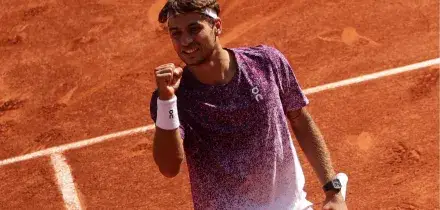 Roland Garros, Zverev vince il 3&deg; set su Cobolli: 6-1, 4-6, 6-4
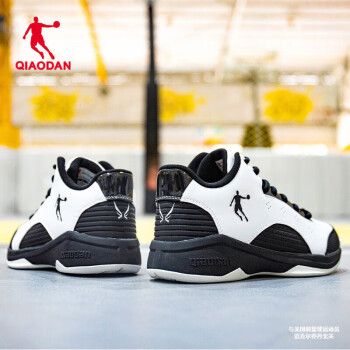 乔丹QIAODAN男鞋运动鞋篮球鞋2023冬季新款室外实战学生球鞋R 白色/黑色 42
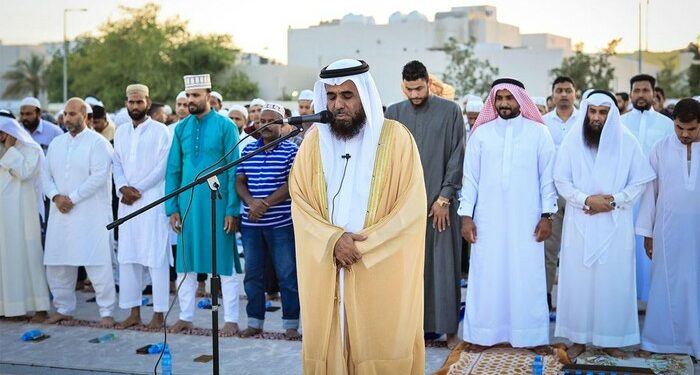 Umat muslim di Bahrain juga melaksanakan salat Idul Fitri hari ini. Ayman Yaqoob/Anadolu Agency via Getty Images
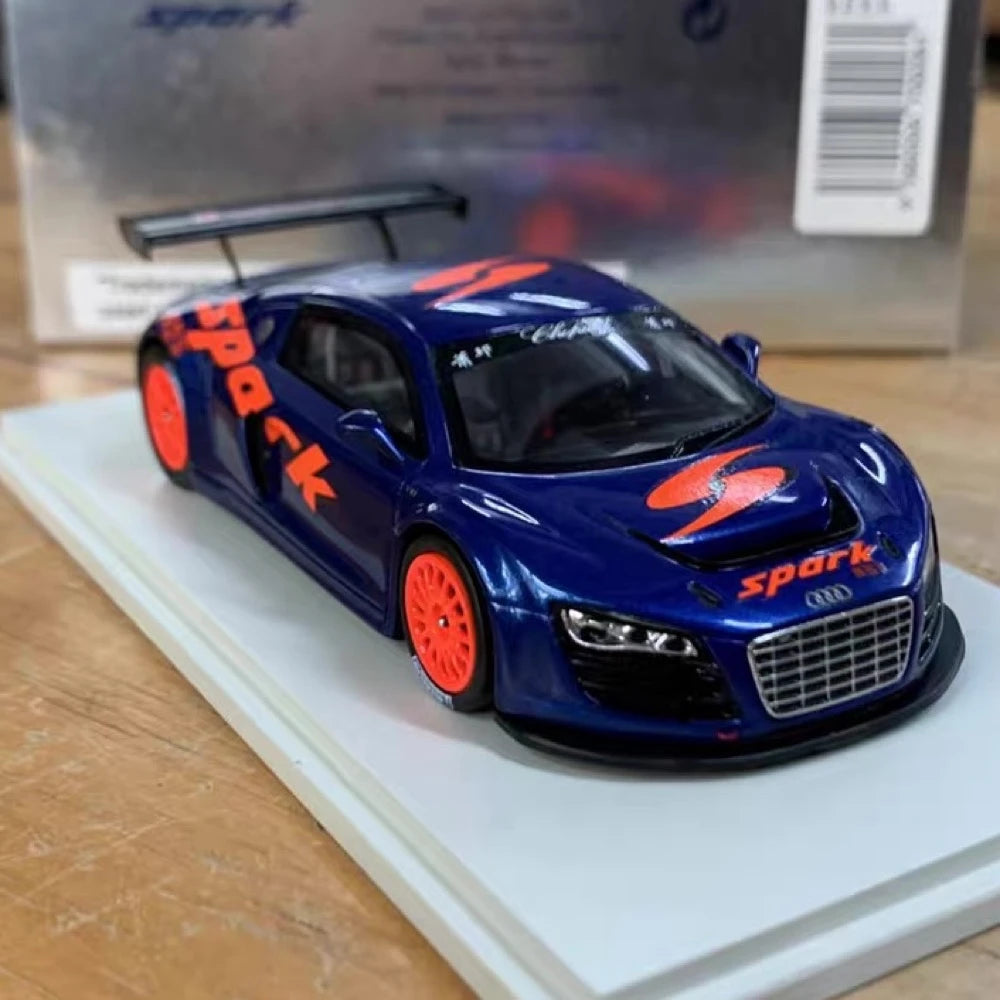 [Spark] 1:43 Audi 2013 R8 LMS 2013 Model Car Resin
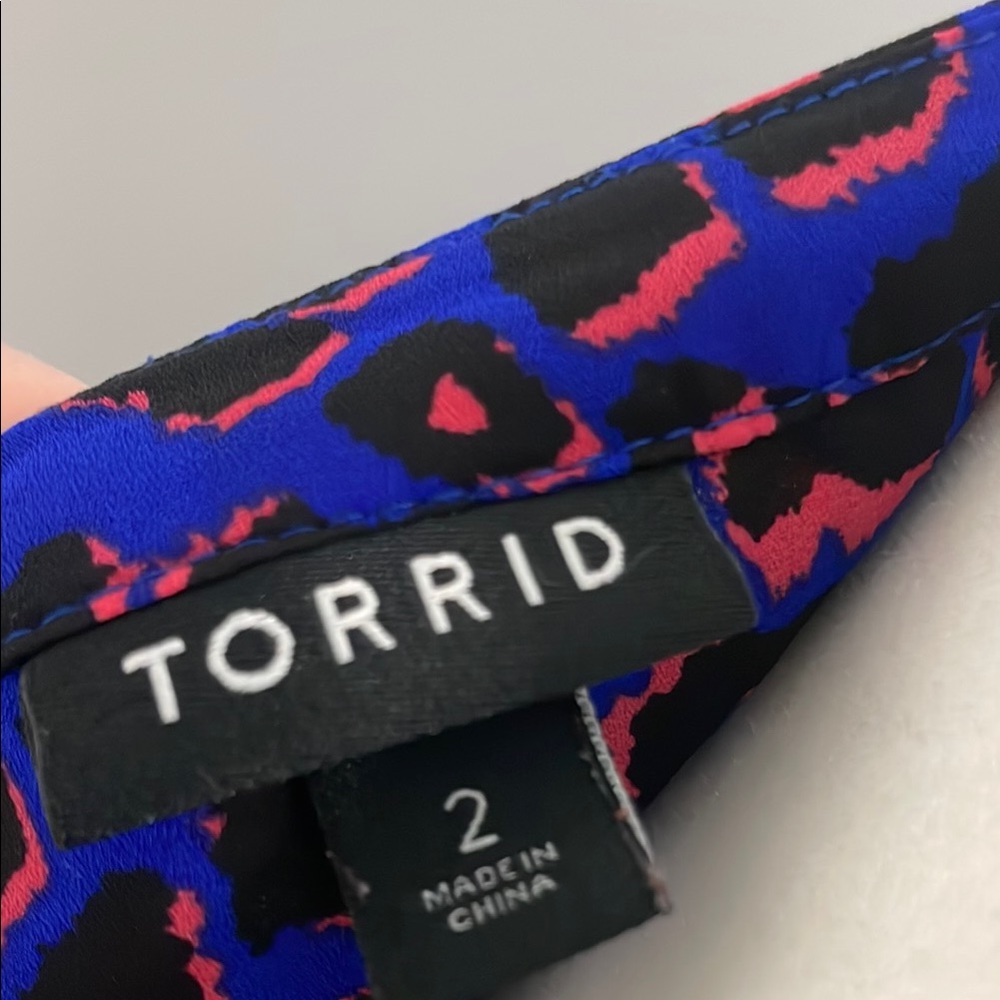 Torrid Blue and Black Relaxed Blouse with Notched Collar - Picture 2 of 4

__REQUIREMENT__: An exact reproduction of the data above is required, with every picture removed.

__OUTPUT BELOW__:
 Roland Garros, Zverev vince il 3&deg; set su Cobolli: 6-1, 4-6, 6-4
 乔丹QIAODAN男鞋运动鞋篮球鞋2023冬季新款室外实战学生球鞋R 白色/黑色 42
 Umat muslim di Bahrain juga melaksanakan salat Idul Fitri hari ini. Ayman Yaqoob/Anadolu Agency via Getty Images
 [Spark] 1:43 Audi 2013 R8 LMS 2013 Model Car Resin
 Torrid Blue and Black Relaxed Blouse with Notched Collar - Picture 2 of 4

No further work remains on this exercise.